### WORK ITEM
Word for word, repeat the data that follows. Do not include the pictures.

### DATA SEGMENT
* * *

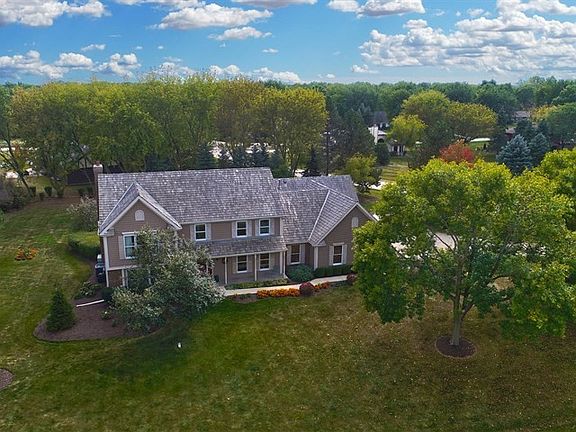 3rd image of 50 Lynn Dr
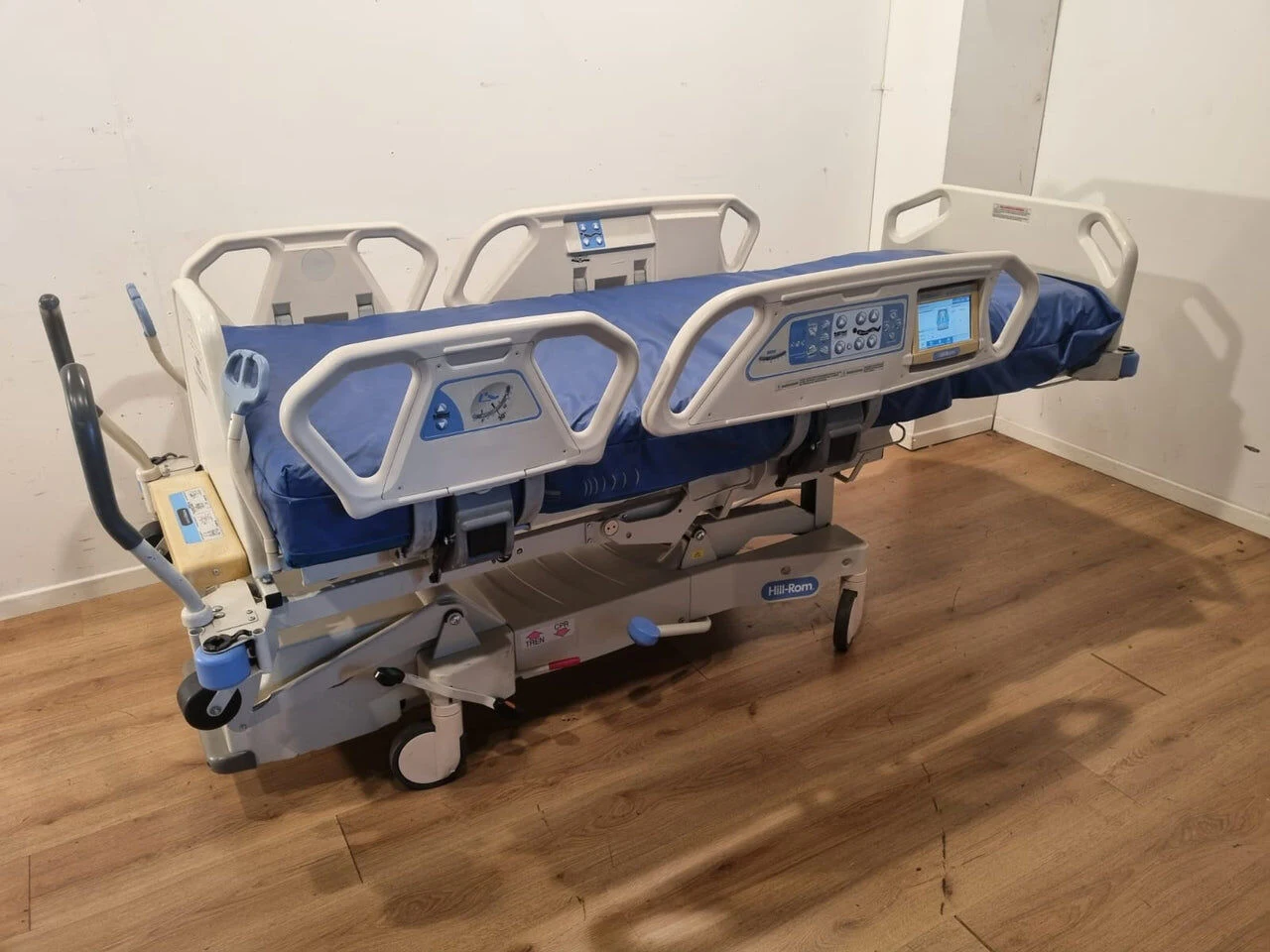 Hill-Rom TotalCare P1900 ICU Bed with Integrated Air Mattress — Hospital Furniture & OR Tables — view 8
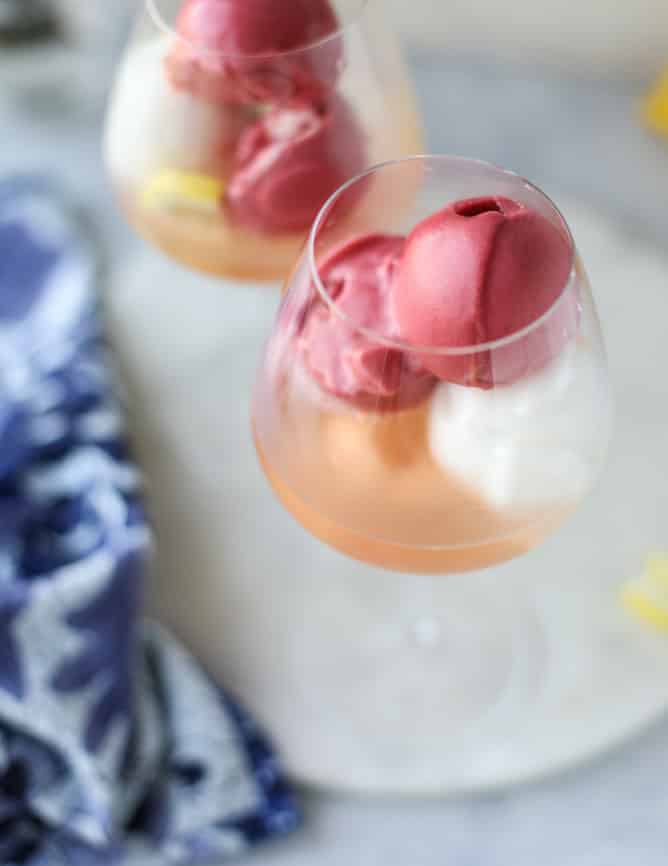lemon raspberry prosecco floats I howsweeteats.com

* * *

### REPLY
 3rd image of 50 Lynn Dr
 Hill-Rom TotalCare P1900 ICU Bed with Integrated Air Mattress — Hospital Furniture & OR Tables — view 8
lemon raspberry prosecco floats I howsweeteats.com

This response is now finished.